Records:
# # # # # # #
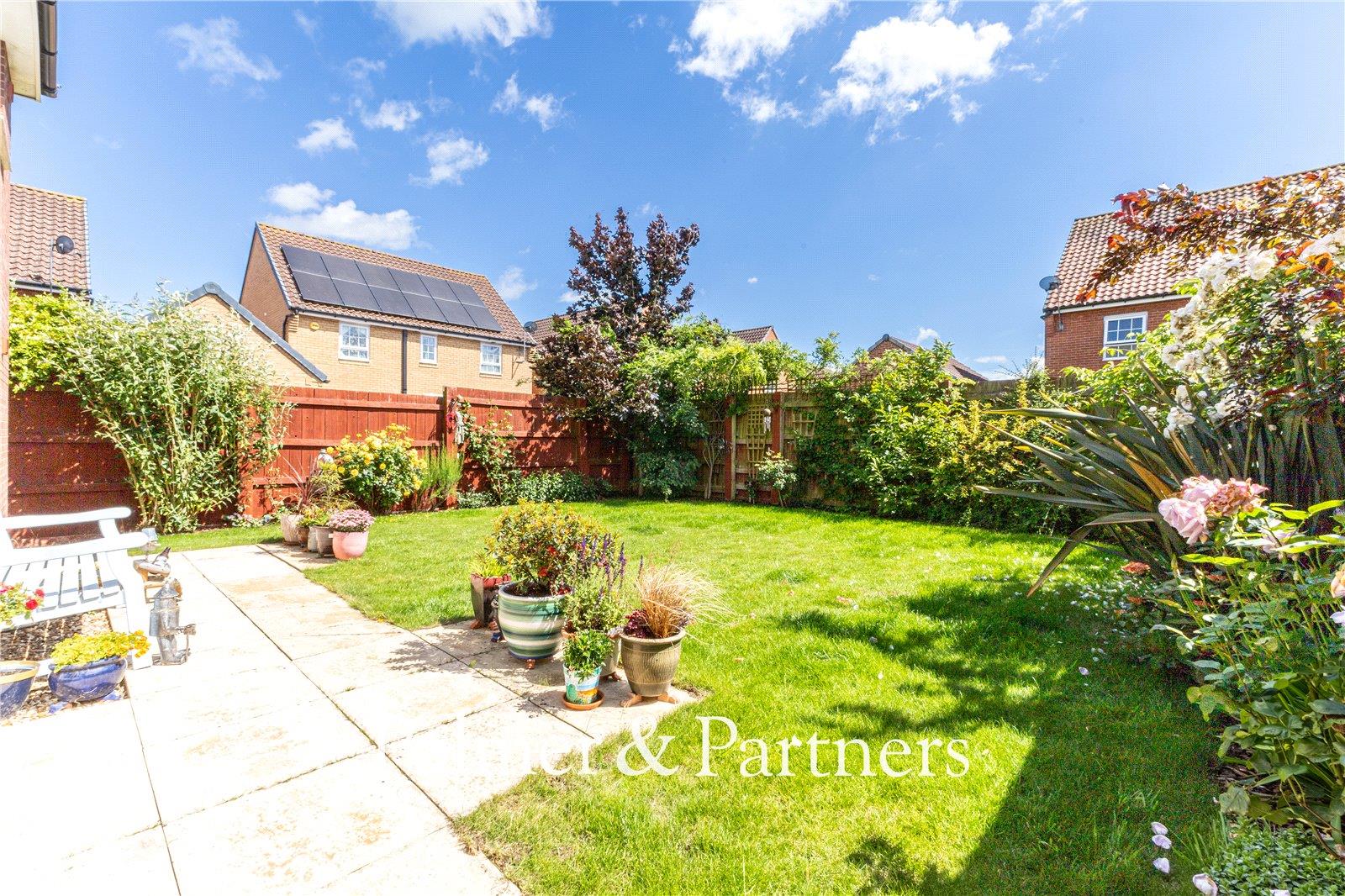 Property Image 6031258c-de78-42bf-971f-62a9834190e7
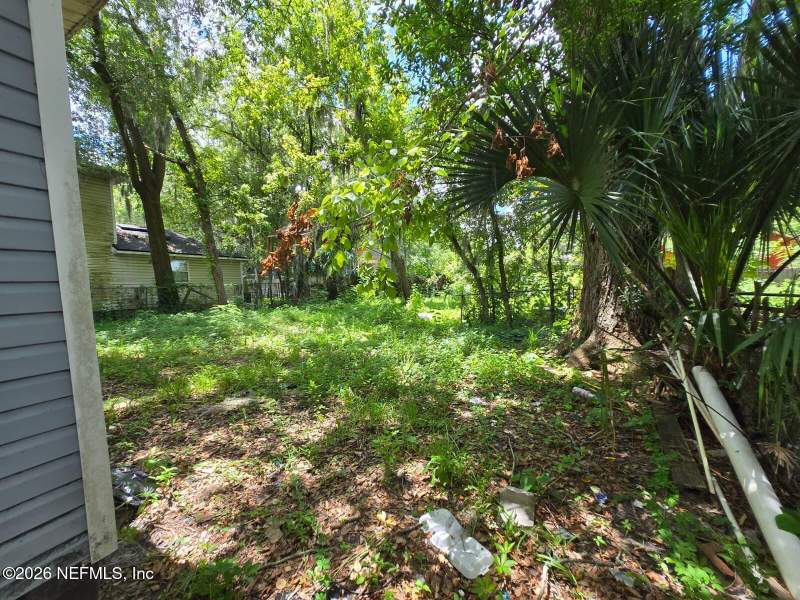 2 bedroom Single Family Residence at 346 King Street, Fehrenbachs, Jacksonville — photo 5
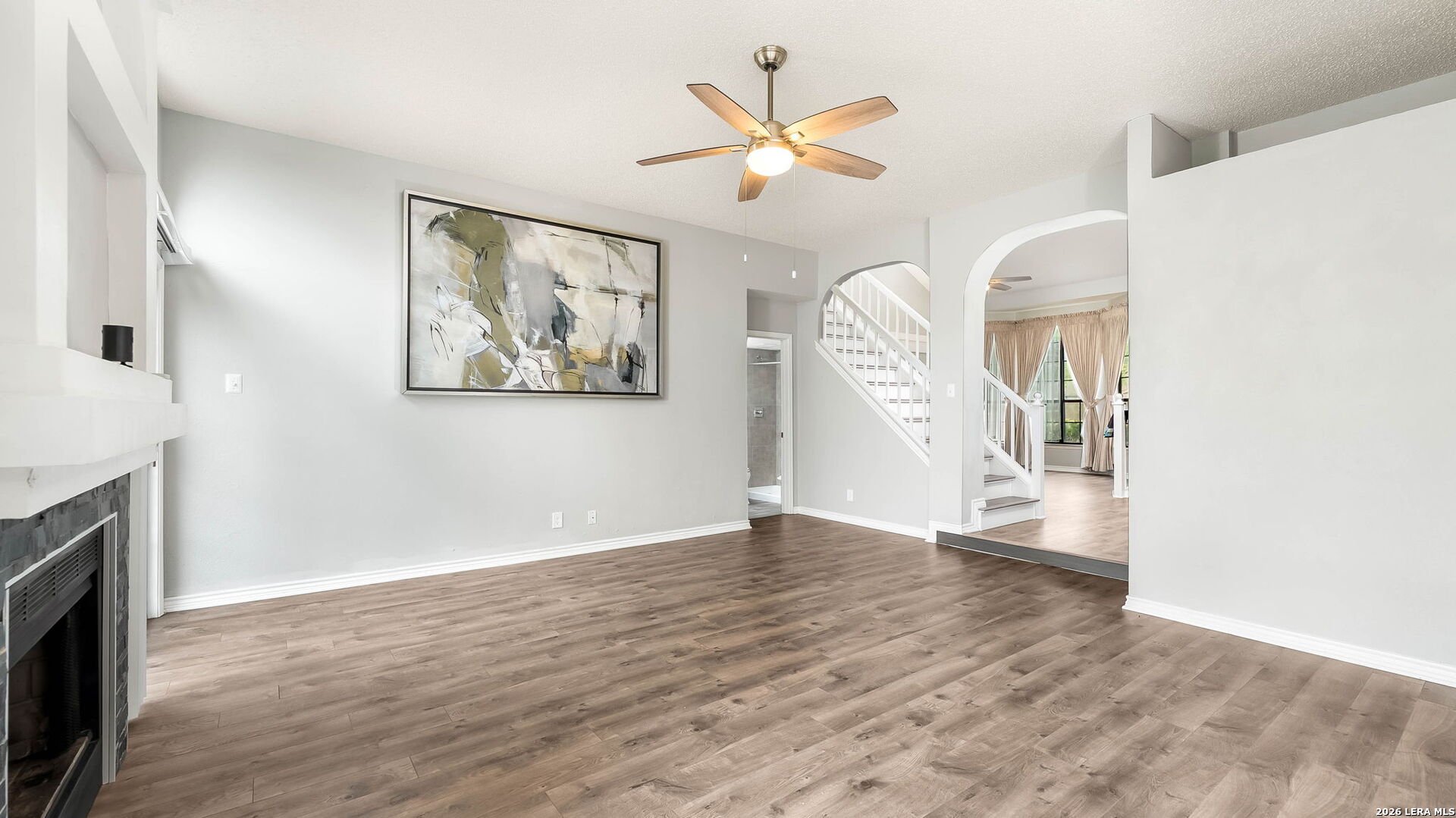 9806 Pebble Ridge Drive Converse, TX 78109 - Photo 5 of 24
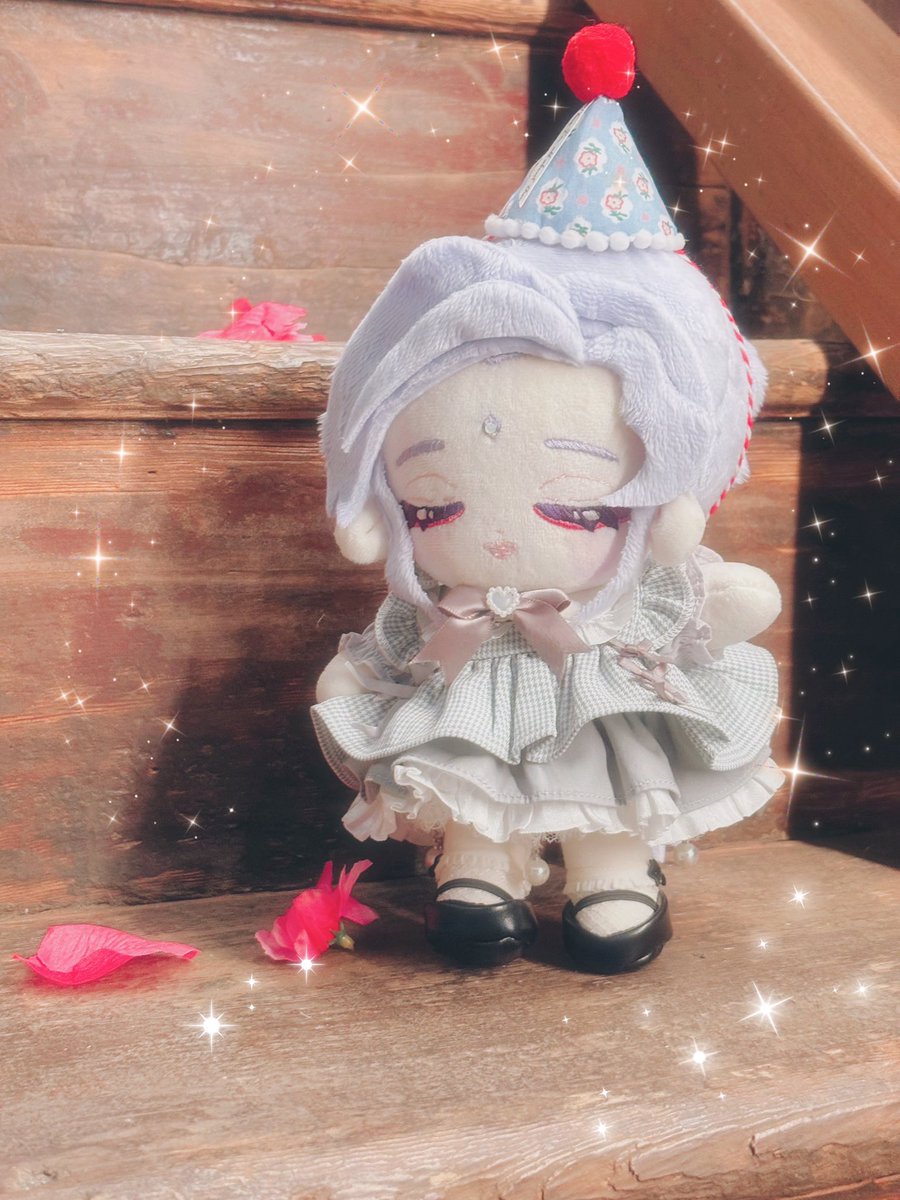 bigbug4321's tweet photo. 每張都修得閃亮亮✨ https://t.co/t2I03ruHM6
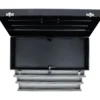 BGS Metall-Werkzeugkoffer leer 3 Schubladen - 3312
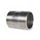 HAR9024 STANDARD BLACK STEEL PIPE NIPPLES 4" SIZE 4" LENGTH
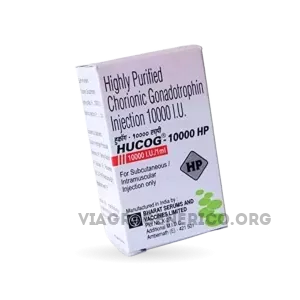 Buying_Hucog HP_online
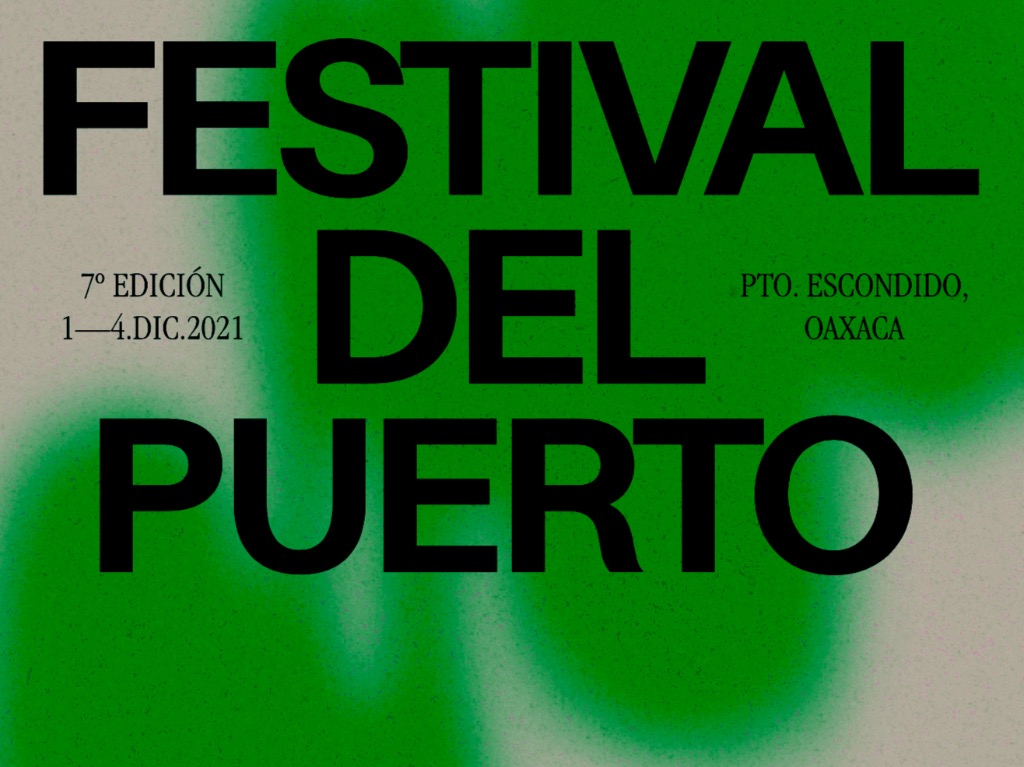 festival-del-puerto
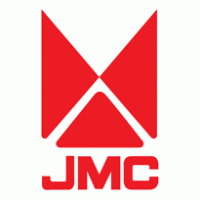 LOGO.gif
# # # # # # #
Problem details:
Repeat the data above exactly; images are not part of the copy.

Response to the task:
 Property Image 6031258c-de78-42bf-971f-62a9834190e7
 2 bedroom Single Family Residence at 346 King Street, Fehrenbachs, Jacksonville — photo 5
 9806 Pebble Ridge Drive Converse, TX 78109 - Photo 5 of 24
 bigbug4321's tweet photo. 每張都修得閃亮亮✨ https://t.co/t2I03ruHM6
 BGS Metall-Werkzeugkoffer leer 3 Schubladen - 3312
 HAR9024 STANDARD BLACK STEEL PIPE NIPPLES 4" SIZE 4" LENGTH
 Buying_Hucog HP_online
 festival-del-puerto
 LOGO.gif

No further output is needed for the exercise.